Captioned web images:
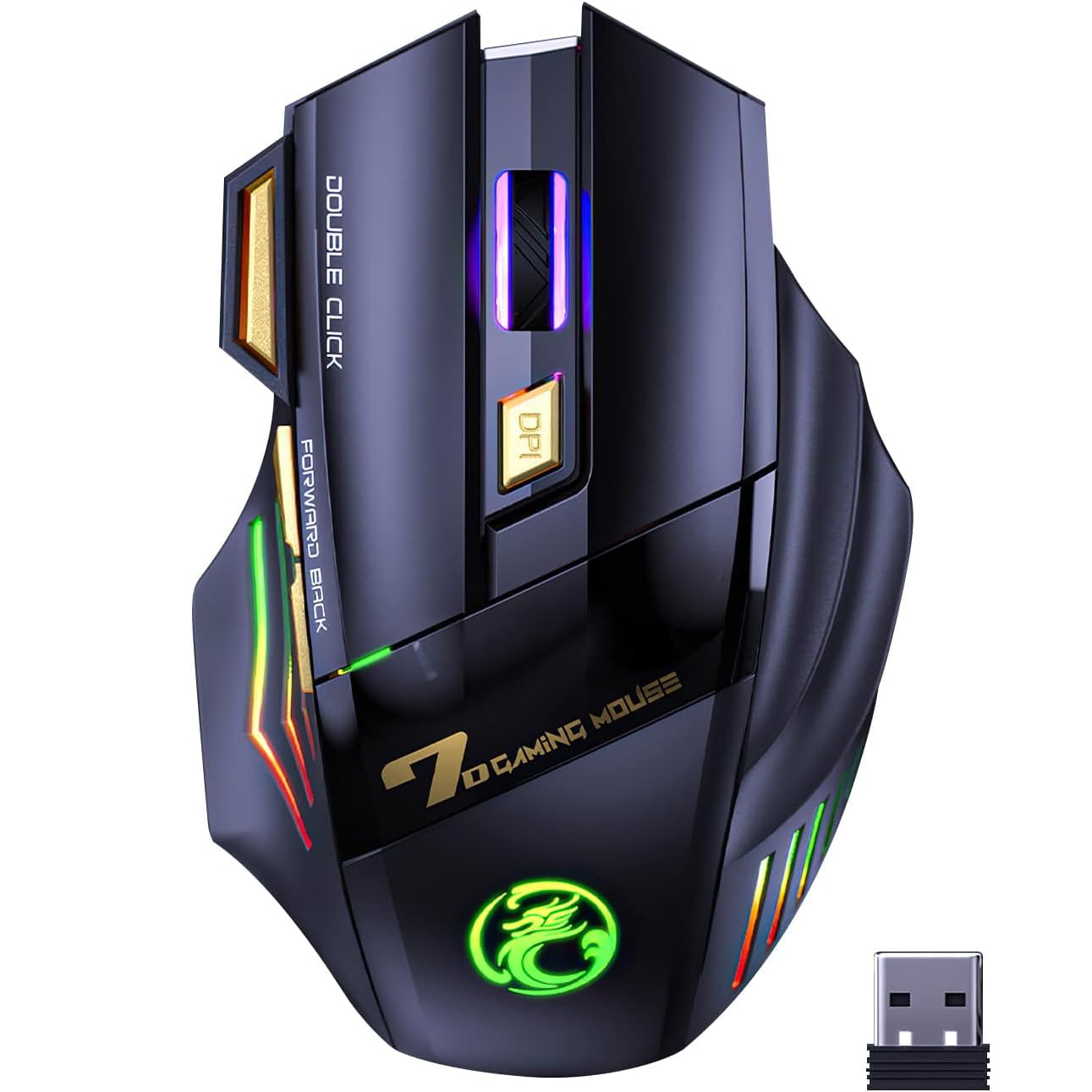 موشواره بی‌سیم Clocell، موشواره بازی، حالت دوگانه (بلوتوث 5.1 + USB) 2.4 گیگاهرتز، موشواره بی‌سیم با نور پس‌زمینه RGB، 25 ساعت برای ویندوز/مک، شارژی مشکی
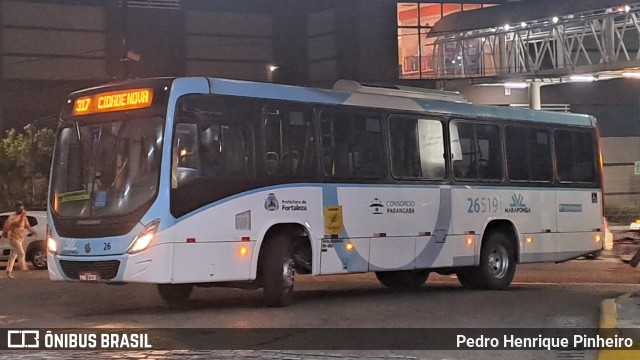 Maraponga Transportes 26519 na cidade de Fortaleza, Ceará, Brasil, por Pedro Henrique Pinheiro. Número da foto: #13203432.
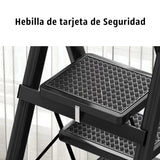 ▶ Escaleras de Tijera, Escalera Plegable Tubular Antiderrapante, Escaleras Plegables para Casa, Oficina, Comercio e Industria (Negro-4 Peldaños con Empuñadura)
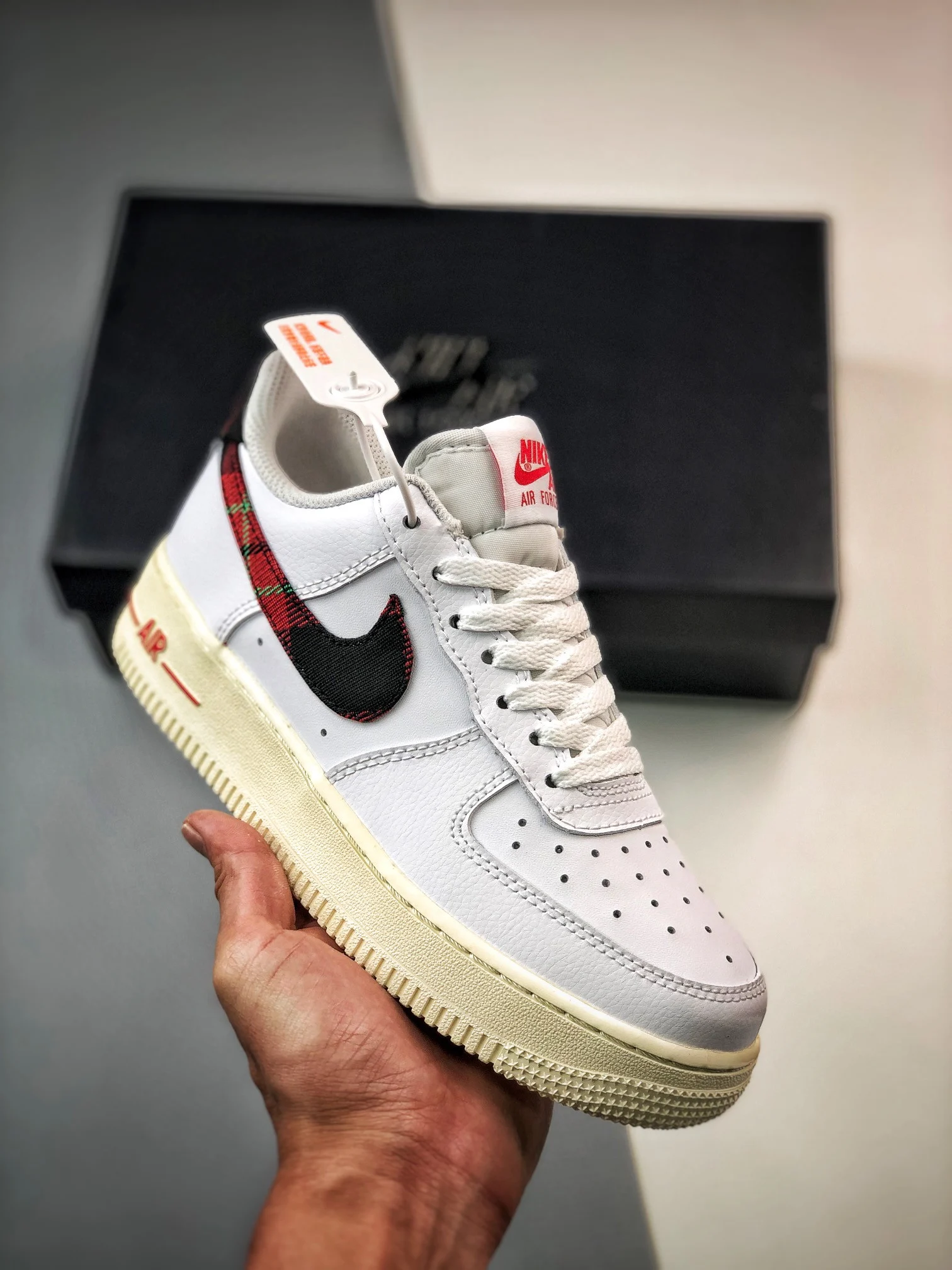 Nike Air Force 1 Low Plaid Swoosh White Red DV0789-100 For Sale
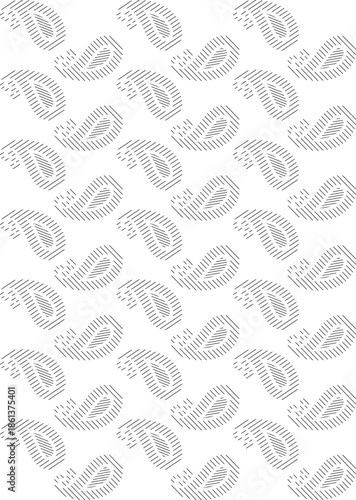 Black and White Pattern | Abstract Botanical Paisley – Mid Century Modern Surface Pattern Design for Fabric Prints, Minimal Art Wallpaper, Modern Wrapping Paper & Neutral Interiors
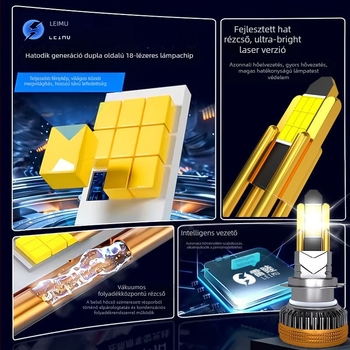 Előre LED autófényszóró, integrált kialakítás, 80–90W teljesítmény, 12V, LED fényforrás, alacsony fény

(Task)
Excluding the pictures, retype the line containing "Black and White" and all lines after it down to the end of the data above.

(Task result)
 Black and White Pattern | Abstract Botanical Paisley – Mid Century Modern Surface Pattern Design for Fabric Prints, Minimal Art Wallpaper, Modern Wrapping Paper & Neutral Interiors
 Előre LED autófényszóró, integrált kialakítás, 80–90W teljesítmény, 12V, LED fényforrás, alacsony fény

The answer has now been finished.